Pour Mr Patrice Pinell «Champ médical
et processus de spécialisation», ce processus pourrait
s’articuler autour de quatre présupposés «théoriques».
1) La spécialisation est un processus de division du champ
médical en sous-espaces de pratiques susceptibles au départ
de revêtir des formes variées et aboutissant ou non
à la constitution d'une spécialité instituée
et reconnue comme légitime par les institutions dominant
le champ. 2) Les facteurs qui déterminent l'émergence
d'un sous-espace spécialisé ou qui interviennent sur
son développement pour en modifier le cours peuvent être
de tous ordres (scientifiques, techniques, économiques, politiques,
etc.) et différents selon les sous-espaces. 3) Le processus
de division en sous-espaces spécialisés est en partie
déterminé par l'état existant des connaissances,
des techniques, des institutions et de la structure des rapports
de position des agents au sein du champ médical. 4) Ce processus,
en introduisant de nouvelles divisions au sein du champ médical,
en modifie la configuration (changeant de ce fait les conditions
d'exercice de la médecine et les conditions de production
du savoir médical) et tend donc à modifier les conditions
mêmes de sa poursuite.
Pour Mr Geaorge Weisz «Naissance de la spécialisation
médicale dans le monde germanophone», comprendre l'essor
de la spécialisation, nécessite de prendre en compte
le changement fondamental de perspective intellectuelle qui l'avait
rendue possible. Il faut faire l'hypothèse que, si la spécialisation
en est venue à être considérée comme
une nécessité incontestable pour la science médicale
moderne, c'est en vertu de trois conditions préalables fondamentales.

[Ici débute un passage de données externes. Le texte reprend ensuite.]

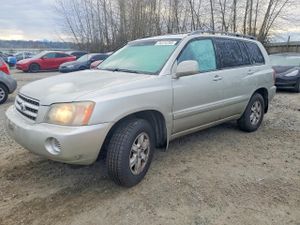 Toyota Highlander 3.0L 6 2003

Premièrement, une des conditions sine qua non de cette évolution
est le rapprochement de la médecine et de la chirurgie au
sein de la formation et de la recherche médicales. Deuxièmement,
ce sont bien moins les progrès rapides de la science que
l'émergence d'un désir collectif d'étendre
le champ de la science médicale qui, initialement, a poussé
les médecins à se spécialiser. Troisièmement,
l'apparition des spécialités doit être mise
en relation avec les nouvelles conceptions de la rationalité
administrative qui ont vu le jour dans l'État-nation du XIX
ème siècle.
Synthèse de textes tirées
de « ACTES 130 décembre 1999 Edition SEUIL.